Tuesday, August 15, 2017

DreamWorks Animation crafts its next era of dynamic IT infrastructure

The next BriefingsDirect Voice of the Customer thought leader interview examines how DreamWorks Animation is building a multipurpose, all-inclusive, and agile data center capability.

Learn here why a new era of responsive and dynamic IT infrastructure is demanded, and how one high-performance digital manufacturing leader aims to get there sooner rather than later. 

Listen to the podcast. Find it on iTunes. Get the mobile app. Read a full transcript or download a copy.

Here to describe how an entertainment industry innovator leads the charge for bleeding-edge IT-as-a-service capabilities is Jeff Wike, CTO of DreamWorks Animation in Glendale, California. The discussion is moderated by Dana Gardner, Principal Analyst at Interarbor Solutions.

Here are some excerpts:

Gardner: Tell us why the older way of doing IT infrastructure and hosting apps and data just doesn't cut it anymore. What has made that run out of gas?

Wike: You have to continue to improve things. We are in a world where technology is advancing at an unbelievable pace. The amount of data, the capability of the hardware, the intelligence of the infrastructure are coming. In order for any business to stay ahead of the curve -- to really drive value into the business – it has to continue to innovate.

Gardner: IT has become more pervasive in what we do. I have heard you all refer to yourselves as digital manufacturing. Are the demands of your industry also a factor in making it difficult for IT to keep up?

Wike: When I say we are a digital manufacturer, it’s because we are a place that manufacturers content, whether it's animated films or TV shows; that content is all made on the computer. An artist sits in front of a workstation or a monitor, and is basically building these digital assets that we put through simulations and rendering so in the end it comes together to produce a movie.

Wike
That's all about manufacturing, and we actually have a pipeline, but it's really like an assembly line. I was looking at a slide today about Henry Ford coming up with the first assembly line; it's exactly what we are doing, except instead of adding a car part, we are adding a character, we’re adding a hair to a character, we’re adding clothes, we’re adding an environment, and we’re putting things into that environment.
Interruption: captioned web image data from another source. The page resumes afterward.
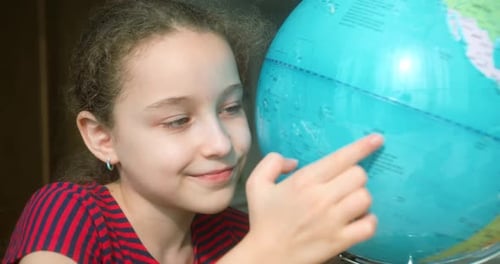 Porträt Nettes Kind blickt lächelnd in die Kamera und hält neben sich einen Globus, Technologie für Schüler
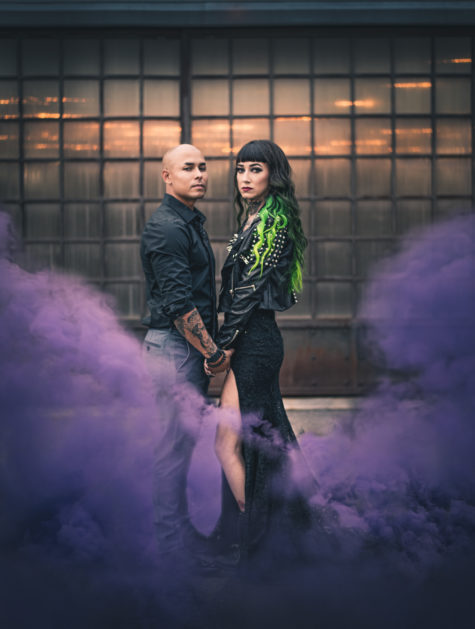 edgy couple with purple smoke wearing black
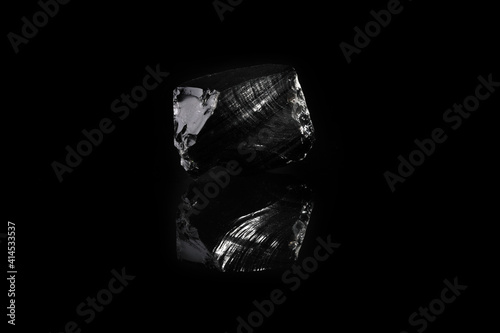 Natural rock - Obsidian, volcanic glass mineral stone from Djalaber, Armenia on black glass background. photo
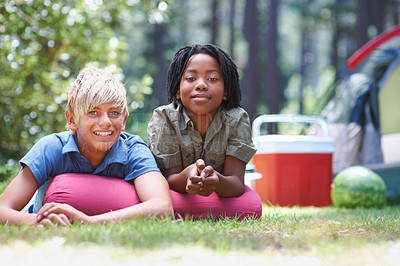 Buy stock photo Camping, children and relaxing in portrait on grass, bonding and happy for outdoor adventure. Kids, face and smiling together on holiday, friendship and vacation in nature, relaxing and ground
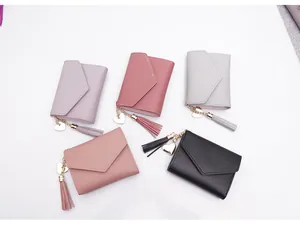 Detailed view of women's mini folding wallets in five colors with heart tassel charms.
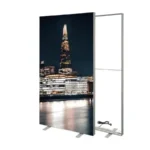 Freestanding SEG fabric light box shown beside its aluminum frame and support feet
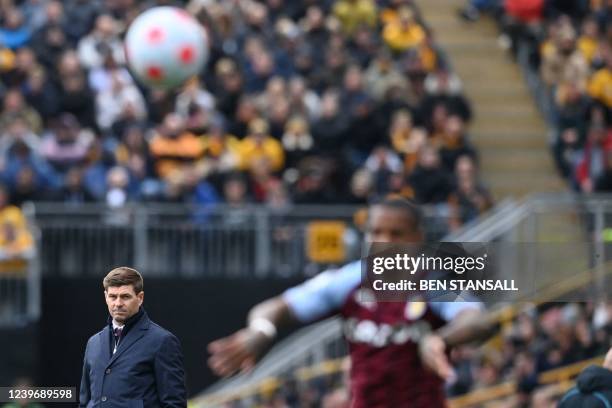 Aston Villa's English head coach Steven Gerrard looks at one of his players during the English Premier League football match between Wolverhampton...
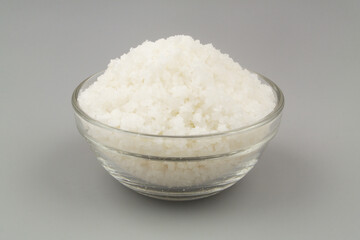 Glass bowl with sea salt on gray background.	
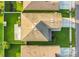 Aerial shot of a well-maintained home featuring a manicured lawn and large concrete patio at 2657 Bullion Loop, Sanford, FL 32771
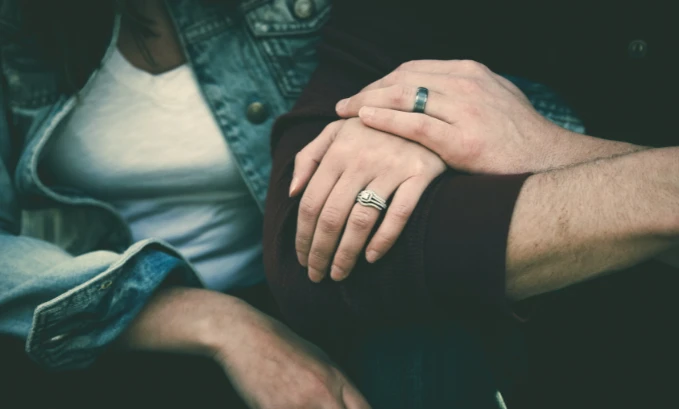 couple hold hands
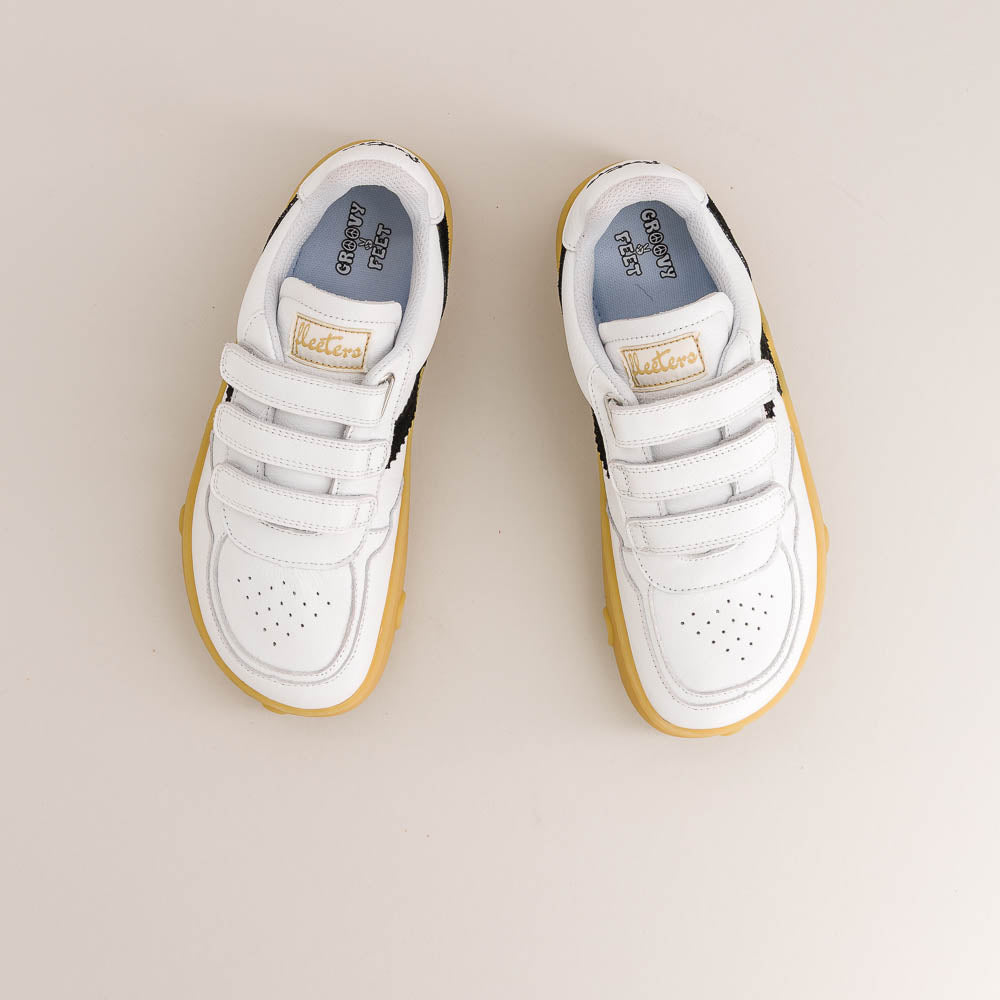 A pair of white children's barefoot sneakers with hook-and-loop straps, featuring a yellow sole and a gold 'Fleeters' brand patch on the tongue, shown from a top-down view on a light beige background.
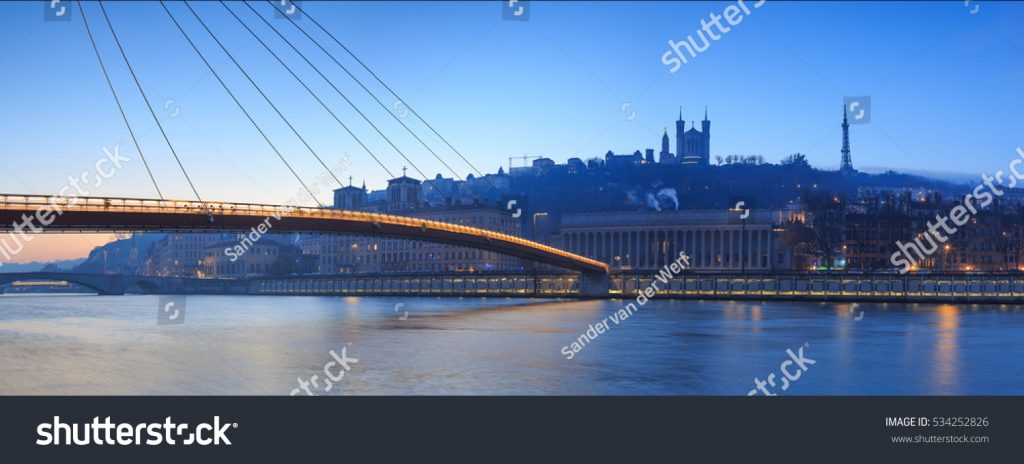 stock-photo-panorama-of-footbridge-passerelle-palais-du-justice-over-the-saone-river-in-lyon-france-during-534252826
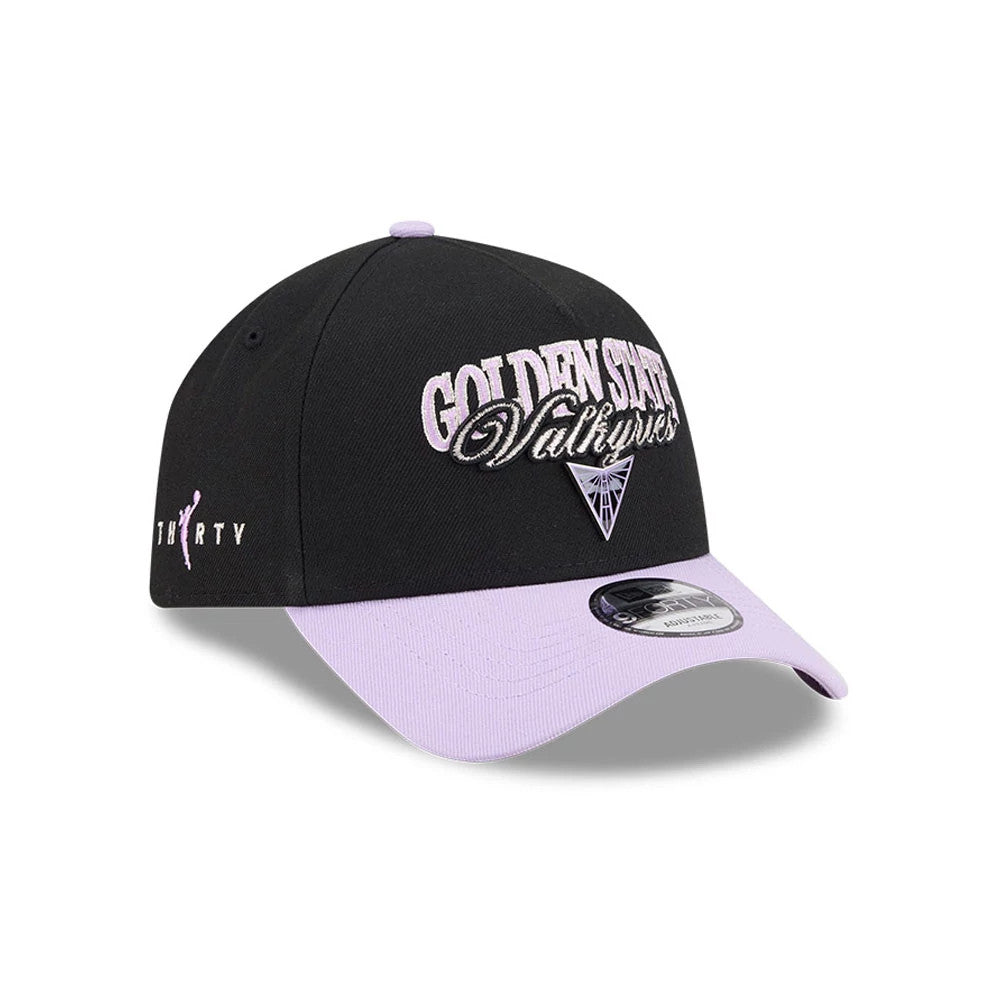 Golden State Valkyries WNBA Tip Off 2026 Black New Era 9FORTY A-Frame Adjustable Cap, three-quarter view showing lilac embroidered text on the front panel, lilac flat visor with a 9FORTY size sticker, and lilac logo on the left side.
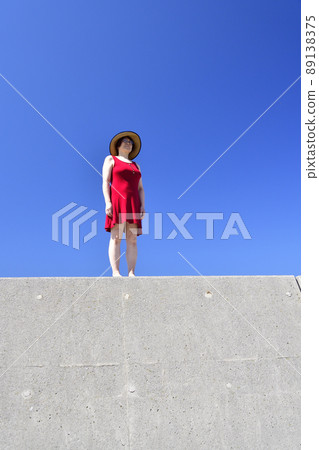 Taking a portrait of a woman in a straw hat at Sawara Fishing Port in Mori Town, Hokkaido Taking a portrait of a woman in a straw hat at Sawara Fishing Port in Mori Town, Hokkaido 89138375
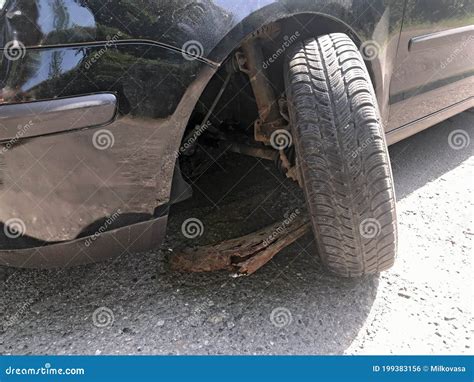 Damaged Wheel Of A Car Caused By Hole In A Rural Road Stock Photo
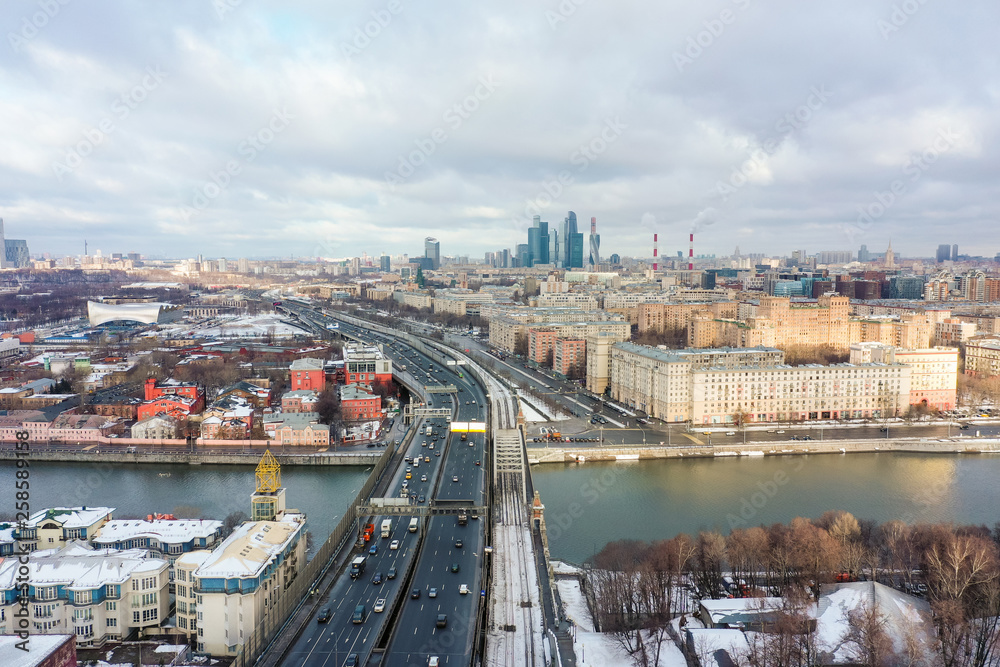 Skyscrapers and transport metropolis, cars traffic on multi-lane highways and road junction on sunny day in Moscow.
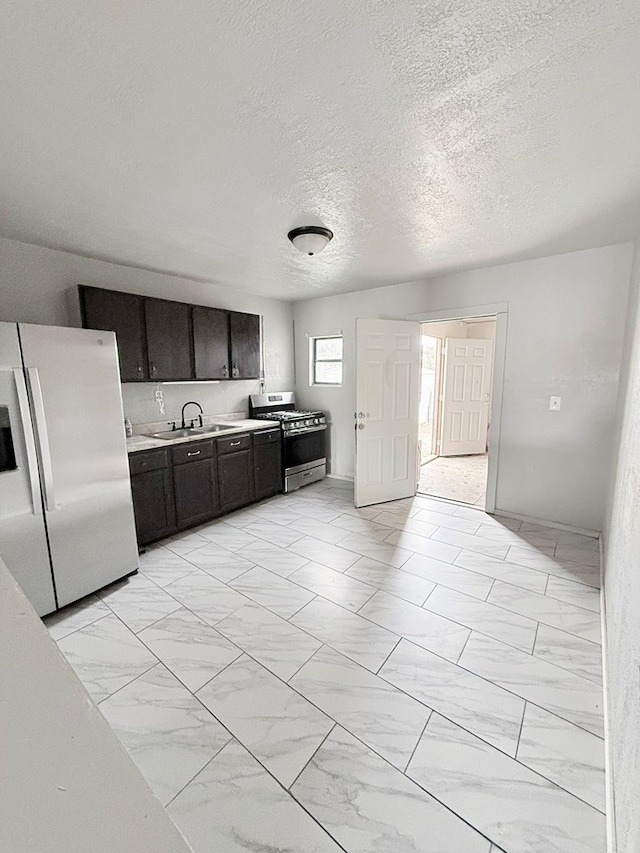 kitchen with sink, a textured ceiling, refrigerator with ice dispenser, dark brown cabinets, and gas stove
We are manufacturing that image, that story, in a linear way, but also in an iterative way. We are constantly adding more details as we embark on that process of three to four years to create one animated film.

Gardner: Well, it also seems that we are now taking that analogy of the manufacturing assembly line to a higher plane, because you want to have an assembly line that doesn't just make cars -- it can make cars and trains and submarines and helicopters, but you don't have to change the assembly line, you have to adjust and you have to utilize it properly.

So it seems to me that we are at perhaps a cusp in IT where the agility of the infrastructure and its responsiveness to your workloads and demands is better than ever.

Greater creativity, increased efficiency

Wike: That's true. If you think about this animation process or any digital manufacturing process, one issue that you have to account for is legacy workflows, legacy software, and legacy data formats -- all these things are inhibitors to innovation. There are a lot of tools. We actually write our own software, and we’re very involved in projects related to computer science at the studio.

We’ll ask ourselves, “How do you innovate? How can you change your environment to be able to move forward and innovate and still carry around some of those legacy systems?”

How HPE Synergy
Infrastructure Operations

And one of the things we’ve done over the past couple of years is start to re-architect all of our software tools in order to take advantage of massive multi-core processing to try to give artists interactivity into their creative process. It’s about iterations. How many things can I show a director, how quickly can I create the scene to get it approved so that I can hand it off to the next person, because there's two things that you get out of that.

One, you can explore more and you can add more creativity. Two, you can drive efficiency, because it's all about how much time, how many people are working on a particular project and how long does it take, all of which drives up the costs. So you now have these choices where you can add more creativity or -- because of the compute infrastructure -- you can drive efficiency into the operation.

So where does the infrastructure fit into that, because we talk about tools and the ability to make those tools quicker, faster, more real-time? We conducted a project where we tried to create a middleware layer between running applications and the hardware, so that we can start to do data abstraction. We can get more mobile as to where the data is, where the processing is, and what the systems underneath it all are. Until we could separate the applications through that layer, we weren’t really able to do anything down at the core.

Core flexibility, fast

We want to be able to change how we are using that infrastructure -- examine usage patterns, the workflows -- and be able to optimize.
Now that we have done that, we are attacking the core. When we look at our ability to replace that with new compute, and add the new templates with all the security in it -- we want that in our infrastructure. We want to be able to change how we are using that infrastructure -- examine usage patterns, the workflows -- and be able to optimize.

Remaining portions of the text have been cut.